The lines to be extracted begin at the line containing "Online Toki Women Adjustable Strap|Slip Ons" and end at the last line of the data below; copy them exactly and leave out the pictures.

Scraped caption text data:
========
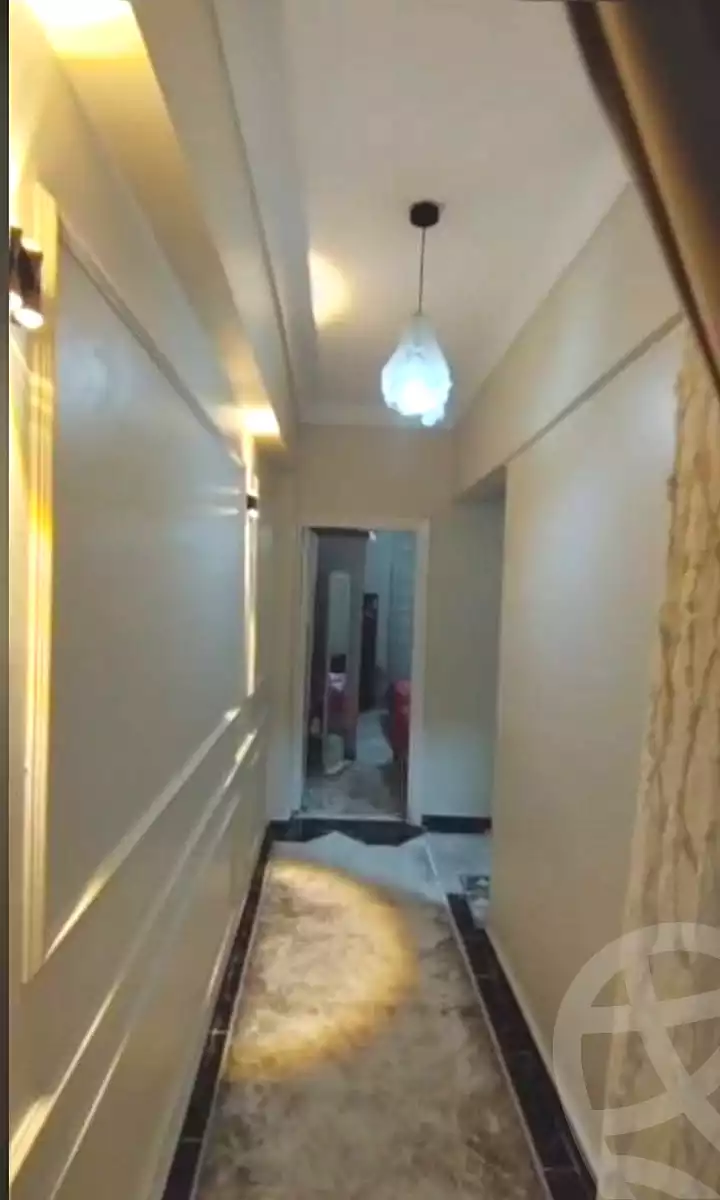 https://aqarmap.com.eg/en/listing/7112234-for-sale-alexandria-al-agamy-bw-ywsf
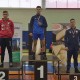 BRAVO: Goran Petranović Prvak Hrvatske !!!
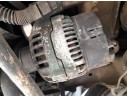 Recambio de alternador para mercedes-benz slk (r170) 230 kompressor (170.447) referencia OEM IAM A0091547602  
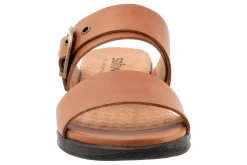 Online Toki Women Adjustable Strap|Slip Ons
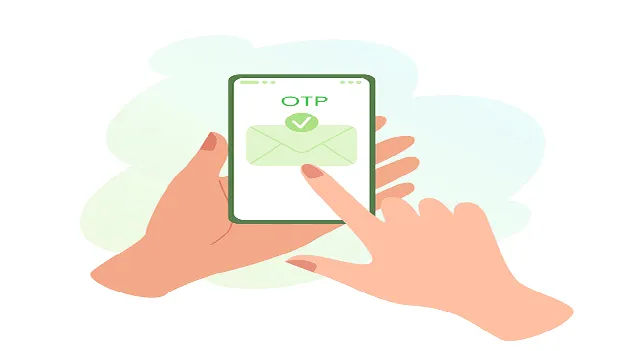 ఓటీపీలు వస్తేనే రిజిస్ట్రేషన్లు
========
> [Exercise result]
 Online Toki Women Adjustable Strap|Slip Ons
 ఓటీపీలు వస్తేనే రిజిస్ట్రేషన్లు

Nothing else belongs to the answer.